▶ [Records to use]
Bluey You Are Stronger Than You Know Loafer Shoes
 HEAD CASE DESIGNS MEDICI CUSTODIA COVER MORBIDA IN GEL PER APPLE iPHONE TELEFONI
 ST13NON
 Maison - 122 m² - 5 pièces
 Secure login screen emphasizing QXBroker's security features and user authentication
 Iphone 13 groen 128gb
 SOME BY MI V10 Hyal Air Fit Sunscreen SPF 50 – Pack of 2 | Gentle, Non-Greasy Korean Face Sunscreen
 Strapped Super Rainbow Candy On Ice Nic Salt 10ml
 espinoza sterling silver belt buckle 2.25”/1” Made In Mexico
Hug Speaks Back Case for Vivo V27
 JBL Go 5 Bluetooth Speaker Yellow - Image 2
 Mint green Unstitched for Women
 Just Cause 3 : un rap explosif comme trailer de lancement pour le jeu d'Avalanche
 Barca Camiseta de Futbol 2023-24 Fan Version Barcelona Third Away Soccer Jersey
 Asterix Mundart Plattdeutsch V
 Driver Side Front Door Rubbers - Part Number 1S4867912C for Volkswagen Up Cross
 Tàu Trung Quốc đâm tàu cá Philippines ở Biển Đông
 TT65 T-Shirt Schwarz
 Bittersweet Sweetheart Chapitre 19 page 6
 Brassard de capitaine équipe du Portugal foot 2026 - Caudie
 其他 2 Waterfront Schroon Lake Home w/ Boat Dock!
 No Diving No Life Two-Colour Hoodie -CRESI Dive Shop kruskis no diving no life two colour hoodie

▶ [Work required]
Restate word for word only the lines running from the beginning of the data to the line holding "Mint green Unstitched for Women", both included.

▶ [Solution to this exercise]
Bluey You Are Stronger Than You Know Loafer Shoes
 HEAD CASE DESIGNS MEDICI CUSTODIA COVER MORBIDA IN GEL PER APPLE iPHONE TELEFONI
 ST13NON
 Maison - 122 m² - 5 pièces
 Secure login screen emphasizing QXBroker's security features and user authentication
 Iphone 13 groen 128gb
 SOME BY MI V10 Hyal Air Fit Sunscreen SPF 50 – Pack of 2 | Gentle, Non-Greasy Korean Face Sunscreen
 Strapped Super Rainbow Candy On Ice Nic Salt 10ml
 espinoza sterling silver belt buckle 2.25”/1” Made In Mexico
Hug Speaks Back Case for Vivo V27
 JBL Go 5 Bluetooth Speaker Yellow - Image 2
 Mint green Unstitched for Women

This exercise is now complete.